All complaints must contain "a short and plain statement of the claim showing that the pleader is entitled to relief." Fed. R. Civ. P. 8(a)(2). Detailed factual allegations are not required, but "[t]hreadbare recitals of the elements of a cause of action, supported by mere conclusory statements, do not suffice." Ashcroft v. Iqbal, 556 U.S. 662, 678 (2009) (citing Bell Atl. Corp. v. Twombly, 550 U.S. 544, 555 (2007)). "Determining whether a complaint states a plausible claim for relief [is] . . . a context-specific task that requires the reviewing court to draw on its judicial experience and common sense." Id. The "mere possibility of misconduct" falls short of meeting this plausibility standard. Id.; see also Moss v. U.S. Secret Service, 572 F.3d 962, 969 (9th Cir. 2009). "When there are well-pleaded factual allegations, a court should assume their veracity, and then determine whether they plausibly give rise to an entitlement to relief." Iqbal, 556 U.S. at 679; see also Resnick v. Hayes, 213 F.3d 443, 447 (9th Cir. 2000) ("[W]hen determining whether a complaint states a claim, a court must accept as true all allegations of material fact and must construe those facts in the light most favorable to the plaintiff."); Barren v. Harrington, 152 F.3d 1193, 1194 (9th Cir. 1998) (noting that § 1915(e)(2) "parallels the language of Federal Rule of Civil Procedure 12(b)(6)"). Although the court "ha[s] an obligation where the petitioner is pro se, particularly in civil rights cases, to construe the pleadings liberally and to afford the petitioner the benefit of any doubt," Hebbe v. Pliler, 627 F.3d 338, 342 & n.7 (9th Cir. 2010) (citing Bretz v. Kelman, 773 F.2d 1026, 1027 n.1 (9th Cir. 1985)), it may not "supply essential elements of claims that were not initially pled." Ivey v. Bd. of Regents of the Univ. of Alaska, 673 F.2d 266, 268 (9th Cir. 1982).
B. Discussion
1. Factual Allegations
Plaintiff claims he was approached on July 11, 2018 by a "young lady and a young man" who asked Plaintiff if he was selling drugs. (Compl. at 3.) Plaintiff alleges the "young man" told Plaintiff "he was looking to purchase 20 dollars' worth of methamphetamine." (Id.) Plaintiff asked him for identification but the man refused and "walks off down the street" followed by the "young lady." (Id.) Plaintiff continued to walk to his "destination when [he] was pulled over by the San Diego Police." (Id.) Plaintiff claims that he was told by the unnamed SDPD officer that he was being arrested for a "drug deal that [Plaintiff] was involved in." (Id.) The "arresting officer found targeted mark money on the young lady." (Id.) Plaintiff was taken to the "San Diego Police Station where [Plaintiff] waited 2 to 4 hours in the back of a police car." (Id.) Plaintiff claims that the "young lady was questioned about [Plaintiff's] involvement in the drug deal and she told the officer what he already knew, that [Plaintiff] had nothing to do with her selling the undercover drugs." (Id.) Plaintiff was transported to the San Diego County Jail where he "stayed 3 days for no reason and released with no charges." (Id.)
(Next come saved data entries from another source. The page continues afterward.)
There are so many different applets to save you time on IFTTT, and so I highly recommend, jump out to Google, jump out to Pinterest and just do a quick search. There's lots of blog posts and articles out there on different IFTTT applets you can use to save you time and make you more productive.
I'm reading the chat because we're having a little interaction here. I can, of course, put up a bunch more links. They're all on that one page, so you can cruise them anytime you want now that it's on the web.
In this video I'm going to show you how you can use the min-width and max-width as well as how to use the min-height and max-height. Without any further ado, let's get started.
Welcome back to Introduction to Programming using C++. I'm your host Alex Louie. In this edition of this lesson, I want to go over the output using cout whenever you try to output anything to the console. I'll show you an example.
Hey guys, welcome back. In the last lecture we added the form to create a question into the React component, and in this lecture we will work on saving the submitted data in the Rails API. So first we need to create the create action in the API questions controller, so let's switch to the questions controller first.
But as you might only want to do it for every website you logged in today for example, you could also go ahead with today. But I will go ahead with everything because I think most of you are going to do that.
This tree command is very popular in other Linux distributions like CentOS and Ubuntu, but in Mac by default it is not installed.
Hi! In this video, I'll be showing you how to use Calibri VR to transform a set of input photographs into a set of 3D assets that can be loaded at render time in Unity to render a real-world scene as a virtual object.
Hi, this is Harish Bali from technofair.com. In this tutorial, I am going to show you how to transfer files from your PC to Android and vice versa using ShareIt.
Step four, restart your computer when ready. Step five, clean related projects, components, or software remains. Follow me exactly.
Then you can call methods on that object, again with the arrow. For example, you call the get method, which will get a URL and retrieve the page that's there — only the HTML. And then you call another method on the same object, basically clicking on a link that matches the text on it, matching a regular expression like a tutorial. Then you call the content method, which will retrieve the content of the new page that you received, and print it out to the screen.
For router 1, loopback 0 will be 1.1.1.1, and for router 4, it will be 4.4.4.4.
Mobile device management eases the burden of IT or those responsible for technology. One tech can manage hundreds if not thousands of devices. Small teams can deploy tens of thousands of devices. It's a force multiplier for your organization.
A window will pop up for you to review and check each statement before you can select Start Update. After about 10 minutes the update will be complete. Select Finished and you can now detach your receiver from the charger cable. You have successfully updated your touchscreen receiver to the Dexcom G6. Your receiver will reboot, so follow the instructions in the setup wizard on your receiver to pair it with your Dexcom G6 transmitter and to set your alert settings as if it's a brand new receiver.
To state a claim under 42 U.S.C. § 1983, a plaintiff must allege two essential elements: (1) that a right secured by the Constitution or laws of the United States was violated, and (2) that the alleged violation was committed by a person acting under the color of state law. West v. Atkins, 487 U.S. 42, 48 (1988); Naffe v. Frye, 789 F.3d 1030, 1035-36 (9th Cir. 2015).
First, to the extent Plaintiff names the SDPD as a Defendant, he fails to state a claim upon which Section 1983 relief may be granted. Departments of municipal entities are not "persons" subject to suit under Section 1983; therefore, a local law enforcement department (like the SDPD) is not a proper party. See Vance v. County of Santa Clara, 928 F. Supp. 993, 996 (N.D. Cal. 1996) ("Naming a municipal department as a defendant is not an appropriate means of pleading a § 1983 action against a municipality.") (citation omitted); Powell v. Cook County Jail, 814 F. Supp. 757, 758 (N.D. Ill. 1993) ("Section 1983 imposes liability on any 'person' who violates someone's constitutional rights 'under color of law.' Cook County Jail is not a 'person.'").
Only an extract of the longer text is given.